Posisi kedua pejabat baru itu nanti berada di atas Gubernur dan Wakil Gubernur Daerah Istimewa Yogyakarta.
"Jadi nantinya kepala daerah harus meminta persetujuan Gubernur Utama. Inilah yang dinamakan `istimewa`," kata Patrialis Akbar kepada wartawan di Gedung DPR-RI di Senayan, Jakarta, Selasa.
Patrialis menambahkan, banyak orang yang belum mendapatkan informasi secara jelas, bagaimana pemerintah telah memberikan keistimewaan terhadap Yogyakarta.
"Apa yang diterima oleh masyarakat kebanyakan pemberitaan yang cenderung provokatif dan menyudutkan pemerintah," ucapnya.
Keistimewaan yang diberikan untuk Yogyakarta, kata Patrialis, nantinya merupakan keistimewaan yang berdasarkan sistem, utuh, kokoh, kuat, serta akan memberikan penghargaan untuk Sultan dan Paku Alam.
DPR, kata dia, hingga saat ini masih belum membaca secara keseluruhan dan mendalam masalah RUU Keistimewaan DIY. Akibatnya, dukungan terhadap RUU Keistimewaan DIY menjadi sangat kurang.
"Namun perlu diketahui, ini merupakan bentuk apresiasi tertinggi dari pemerintah untuk keistimewaan DIY," ujarnya menjelaskan.
Menurut Patrialis, hal paling utama dalam hal ini adalah, keistimewaan Yogyakarta dengan Sultan dan Paku Alam-nya, tidak bertentangan dengan konstitusi. Nantinya, lanjut menteri, Sultan hanya akan memberikan persetujuan, bukan pertimbangan.

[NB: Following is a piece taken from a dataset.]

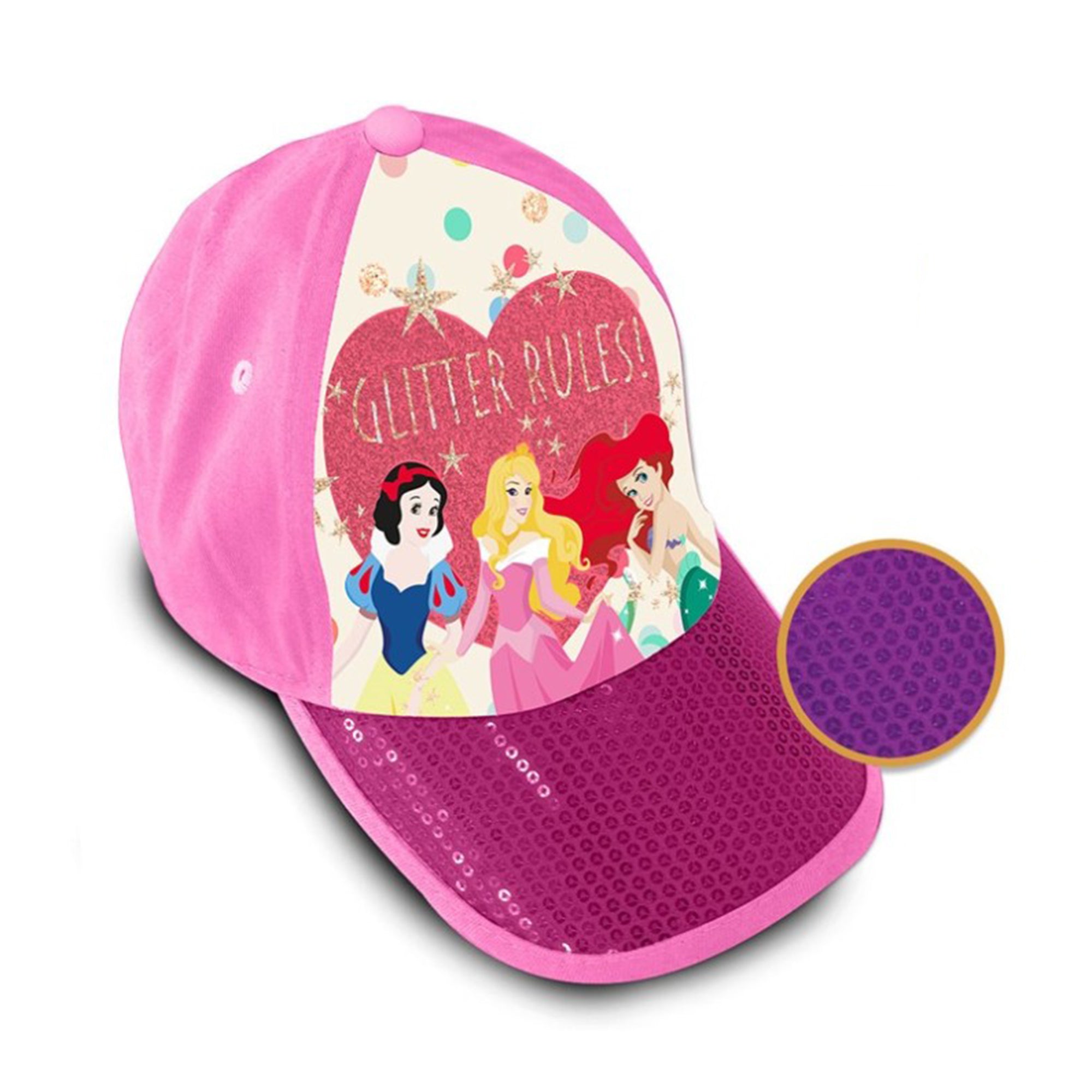 Cappellino bambina ufficiale Disney Principesse berretto visiera paillettes 2696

"Namun, apabila nantinya Sri Sultan mencalonkan diri dan terpilih sebagai gubernur, maka hal ini akan lebih hebat lagi," kata Patrialis dengan menambahkan bahwa kewenangan Gubernur Utama jelas akan lebih tinggi daripada gubernur nantinya.
Namun demikian, Patrialis belum dapat menyebutkan kewenangan apa saja yang akan dimiliki oleh seorang Gubernur Utama.